**TASK TO COMPLETE:** With the pictures removed, set down all of the entries below exactly.

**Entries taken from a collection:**
------------------------------------------------------------

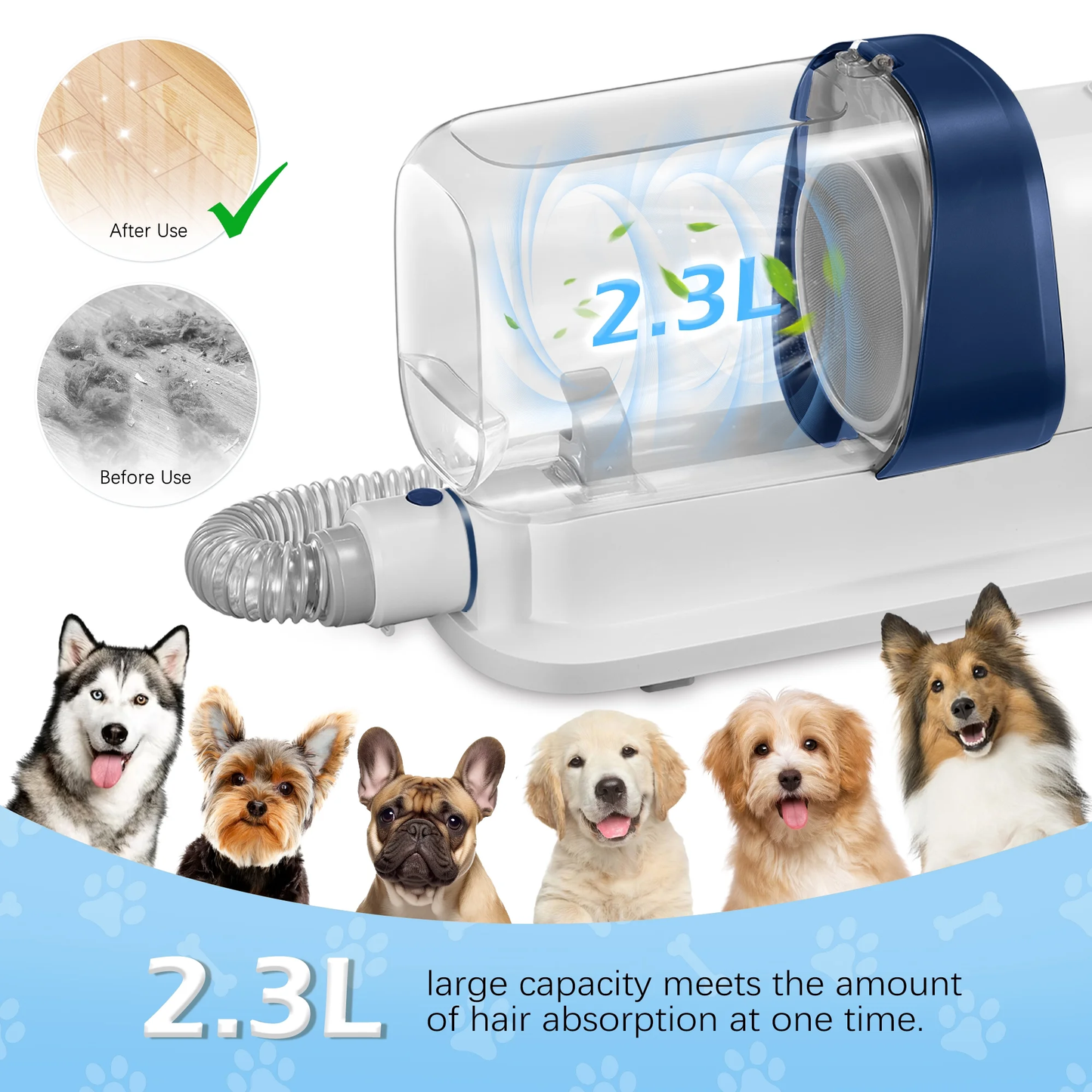 4-In-1 Dog Grooming Kit with Low Noise Clippers and Supplies, 9-Pack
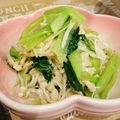 なかちょん☆'s cooksnap of when they made 小松菜とエノキの塩麹ナムル.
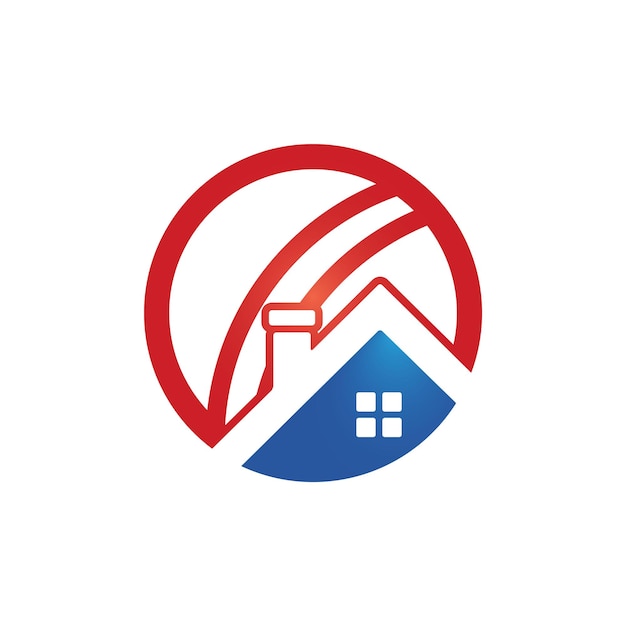 Diseño de logotipo de vector de casa de críquet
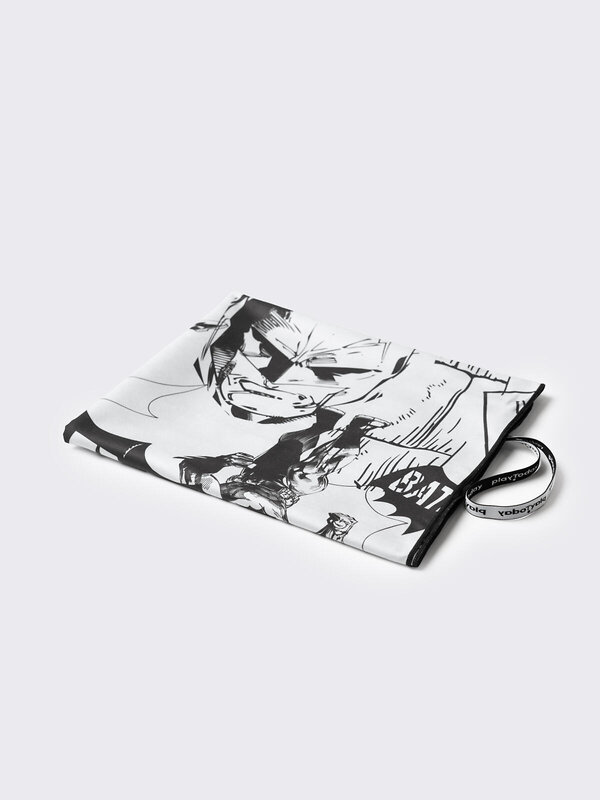 PLAYTODAY Полотенце 588054 12611401 черный,светло-серый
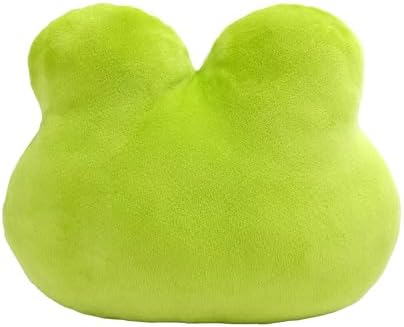 Northwest Keroppi Hello Keroppi Cloud Pillow 12" – Plush Kids Stuffed Toy, Cartoon Character, Bedroom Decor, Gift for Girls & Boys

------------------------------------------------------------

**EXERCISE ANSWER:**
 4-In-1 Dog Grooming Kit with Low Noise Clippers and Supplies, 9-Pack
 なかちょん☆'s cooksnap of when they made 小松菜とエノキの塩麹ナムル.
 Diseño de logotipo de vector de casa de críquet
 PLAYTODAY Полотенце 588054 12611401 черный,светло-серый
 Northwest Keroppi Hello Keroppi Cloud Pillow 12" – Plush Kids Stuffed Toy, Cartoon Character, Bedroom Decor, Gift for Girls & Boys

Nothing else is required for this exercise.